Charlie Scirbona is division superintendent and is responsible for Division Engineering and Line Operations at Orange and Rockland Utilities.

Open Architecture Features

Non-proprietary, user-extendable database

Corporate SQL-compliant database

User-programmable access to any in-memory data or calculated result

Application replacement/addition

Attach and display data on the circuit model

Add new equipment models and customize graphic symbols

Future Plans for DEW

EPRIsolutions, in partnership with Electrical Distribution Design (Blacksburg, Virginia, U.S.), is providing continued development, support and vision for DEW. The vision addresses specific technical achievements, such as combined T&D analysis of systems with millions of nodes. However, the vision goes far beyond such targeted technical achievements and addresses a seamless approach to asset management.

The key to this vision is DEW's open architecture. Instead of trying to provide a common solution for everyone, an open platform for development is provided.

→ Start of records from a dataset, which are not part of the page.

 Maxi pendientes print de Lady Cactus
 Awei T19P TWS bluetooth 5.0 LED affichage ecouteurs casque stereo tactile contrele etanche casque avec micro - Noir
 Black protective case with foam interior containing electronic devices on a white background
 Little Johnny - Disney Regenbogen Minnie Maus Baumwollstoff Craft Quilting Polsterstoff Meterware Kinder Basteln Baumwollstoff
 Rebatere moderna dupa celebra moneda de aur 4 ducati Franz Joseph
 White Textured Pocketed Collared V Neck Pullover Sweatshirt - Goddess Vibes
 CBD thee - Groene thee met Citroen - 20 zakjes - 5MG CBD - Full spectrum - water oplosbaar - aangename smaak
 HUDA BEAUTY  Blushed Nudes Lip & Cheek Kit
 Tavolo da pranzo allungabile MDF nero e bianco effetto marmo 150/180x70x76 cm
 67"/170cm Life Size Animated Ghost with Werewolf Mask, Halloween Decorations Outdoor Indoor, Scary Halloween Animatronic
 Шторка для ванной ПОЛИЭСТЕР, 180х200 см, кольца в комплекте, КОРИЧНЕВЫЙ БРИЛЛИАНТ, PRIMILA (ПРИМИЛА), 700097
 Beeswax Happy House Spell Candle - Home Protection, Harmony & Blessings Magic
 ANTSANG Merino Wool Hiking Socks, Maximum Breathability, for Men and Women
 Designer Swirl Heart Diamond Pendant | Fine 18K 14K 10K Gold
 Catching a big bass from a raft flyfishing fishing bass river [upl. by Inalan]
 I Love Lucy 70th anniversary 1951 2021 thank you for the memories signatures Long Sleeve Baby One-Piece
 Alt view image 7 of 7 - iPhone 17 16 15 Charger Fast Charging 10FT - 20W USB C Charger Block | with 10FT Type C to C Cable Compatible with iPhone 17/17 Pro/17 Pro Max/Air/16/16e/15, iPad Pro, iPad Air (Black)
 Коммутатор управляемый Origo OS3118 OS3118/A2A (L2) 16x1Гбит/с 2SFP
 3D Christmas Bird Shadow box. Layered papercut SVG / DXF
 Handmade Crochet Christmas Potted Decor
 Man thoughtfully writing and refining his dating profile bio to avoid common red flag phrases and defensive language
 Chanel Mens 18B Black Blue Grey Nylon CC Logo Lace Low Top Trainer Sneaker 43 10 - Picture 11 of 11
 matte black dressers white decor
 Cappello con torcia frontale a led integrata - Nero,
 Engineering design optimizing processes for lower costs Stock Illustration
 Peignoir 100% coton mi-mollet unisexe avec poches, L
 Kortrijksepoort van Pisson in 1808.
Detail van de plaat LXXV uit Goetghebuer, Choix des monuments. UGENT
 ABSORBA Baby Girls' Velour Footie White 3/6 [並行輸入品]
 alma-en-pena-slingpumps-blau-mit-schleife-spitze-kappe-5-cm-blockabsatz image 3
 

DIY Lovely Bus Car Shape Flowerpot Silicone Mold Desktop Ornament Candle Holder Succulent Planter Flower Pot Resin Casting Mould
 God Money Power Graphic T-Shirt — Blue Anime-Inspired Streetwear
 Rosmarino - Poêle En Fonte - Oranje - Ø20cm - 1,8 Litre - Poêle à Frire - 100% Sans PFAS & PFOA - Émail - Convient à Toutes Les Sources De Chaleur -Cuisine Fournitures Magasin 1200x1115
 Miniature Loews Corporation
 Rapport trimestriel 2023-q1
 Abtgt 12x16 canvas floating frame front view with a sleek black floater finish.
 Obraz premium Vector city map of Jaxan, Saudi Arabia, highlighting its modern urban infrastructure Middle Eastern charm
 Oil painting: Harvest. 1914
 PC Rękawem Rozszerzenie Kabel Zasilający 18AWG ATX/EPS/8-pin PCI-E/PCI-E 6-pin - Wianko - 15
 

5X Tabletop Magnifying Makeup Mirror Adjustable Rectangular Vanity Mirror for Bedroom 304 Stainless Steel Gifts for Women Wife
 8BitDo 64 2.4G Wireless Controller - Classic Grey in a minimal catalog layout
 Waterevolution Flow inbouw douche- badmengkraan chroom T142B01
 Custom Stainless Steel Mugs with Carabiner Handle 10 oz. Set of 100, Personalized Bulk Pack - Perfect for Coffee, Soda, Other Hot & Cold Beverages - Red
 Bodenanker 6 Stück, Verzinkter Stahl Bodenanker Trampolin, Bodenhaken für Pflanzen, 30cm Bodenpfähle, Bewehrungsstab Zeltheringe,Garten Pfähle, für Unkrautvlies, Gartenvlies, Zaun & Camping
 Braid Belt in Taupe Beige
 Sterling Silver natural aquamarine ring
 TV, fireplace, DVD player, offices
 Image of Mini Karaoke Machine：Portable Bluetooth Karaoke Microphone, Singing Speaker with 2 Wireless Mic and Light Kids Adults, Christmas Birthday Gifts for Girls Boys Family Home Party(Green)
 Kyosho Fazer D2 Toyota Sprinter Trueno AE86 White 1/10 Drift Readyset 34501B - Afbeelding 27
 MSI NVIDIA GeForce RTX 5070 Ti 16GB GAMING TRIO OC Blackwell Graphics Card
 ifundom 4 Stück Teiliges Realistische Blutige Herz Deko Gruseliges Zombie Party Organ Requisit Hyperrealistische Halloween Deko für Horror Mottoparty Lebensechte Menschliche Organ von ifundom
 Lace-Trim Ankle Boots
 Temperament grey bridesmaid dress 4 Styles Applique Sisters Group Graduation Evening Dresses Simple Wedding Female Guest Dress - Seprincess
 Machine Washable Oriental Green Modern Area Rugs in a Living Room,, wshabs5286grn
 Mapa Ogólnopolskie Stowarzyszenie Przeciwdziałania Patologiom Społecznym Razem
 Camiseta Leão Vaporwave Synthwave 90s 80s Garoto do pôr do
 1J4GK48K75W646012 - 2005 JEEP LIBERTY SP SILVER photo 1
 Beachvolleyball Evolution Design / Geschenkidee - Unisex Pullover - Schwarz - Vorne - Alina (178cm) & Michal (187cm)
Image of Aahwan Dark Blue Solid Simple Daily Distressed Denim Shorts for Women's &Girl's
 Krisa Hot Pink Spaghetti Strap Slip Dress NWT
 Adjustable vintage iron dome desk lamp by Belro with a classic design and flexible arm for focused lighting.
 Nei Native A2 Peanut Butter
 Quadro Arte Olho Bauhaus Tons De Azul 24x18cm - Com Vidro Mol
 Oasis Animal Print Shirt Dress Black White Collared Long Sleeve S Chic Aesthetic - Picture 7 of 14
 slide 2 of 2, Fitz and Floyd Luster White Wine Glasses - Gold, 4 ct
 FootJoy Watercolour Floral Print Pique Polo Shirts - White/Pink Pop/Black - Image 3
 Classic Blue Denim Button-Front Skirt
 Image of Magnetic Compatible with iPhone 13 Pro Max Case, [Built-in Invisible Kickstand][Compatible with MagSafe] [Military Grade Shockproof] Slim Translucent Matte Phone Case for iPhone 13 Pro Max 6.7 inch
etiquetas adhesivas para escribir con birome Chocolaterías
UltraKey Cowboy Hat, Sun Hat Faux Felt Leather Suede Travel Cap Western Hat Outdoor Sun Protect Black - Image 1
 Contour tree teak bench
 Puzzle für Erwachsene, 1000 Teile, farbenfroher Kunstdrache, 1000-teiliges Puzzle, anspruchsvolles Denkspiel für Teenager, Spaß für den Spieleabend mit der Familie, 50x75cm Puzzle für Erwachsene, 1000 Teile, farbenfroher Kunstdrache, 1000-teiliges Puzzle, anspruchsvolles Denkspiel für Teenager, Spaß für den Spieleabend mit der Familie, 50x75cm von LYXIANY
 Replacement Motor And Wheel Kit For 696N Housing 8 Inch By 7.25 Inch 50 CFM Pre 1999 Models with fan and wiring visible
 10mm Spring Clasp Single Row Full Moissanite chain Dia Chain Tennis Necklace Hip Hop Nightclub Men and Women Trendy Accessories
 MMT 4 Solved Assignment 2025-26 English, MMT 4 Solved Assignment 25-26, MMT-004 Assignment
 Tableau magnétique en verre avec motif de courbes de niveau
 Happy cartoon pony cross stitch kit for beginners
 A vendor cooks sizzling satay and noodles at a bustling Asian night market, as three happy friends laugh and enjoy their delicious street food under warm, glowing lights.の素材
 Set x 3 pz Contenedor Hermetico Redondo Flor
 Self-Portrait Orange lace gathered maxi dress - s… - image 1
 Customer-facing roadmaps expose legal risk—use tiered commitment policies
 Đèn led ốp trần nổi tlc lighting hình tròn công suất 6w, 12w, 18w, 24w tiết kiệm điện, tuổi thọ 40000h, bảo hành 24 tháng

Customized applications are developed in the open marketplace by many different creative users and programmers. In this open marketplace development, the DEW system model can be linked to asset management records, daily operational procedures, events, long- and short-term planning, and more. Eventually the best application approaches will be widely adopted. In this role, DEW serves as a cost-effective focal point for information technology and asset management that provides value to all company employees, from senior level management down.

EPRI has made DEW available to all utilities. Since 1992 EPRI has worked on developing and enhancing DEW. During this period, many open-architecture concepts have been built into and subsequently refined in the DEW. DEW is now commercially available to all companies. EPRI membership is not a prerequisite for acquiring or using DEW.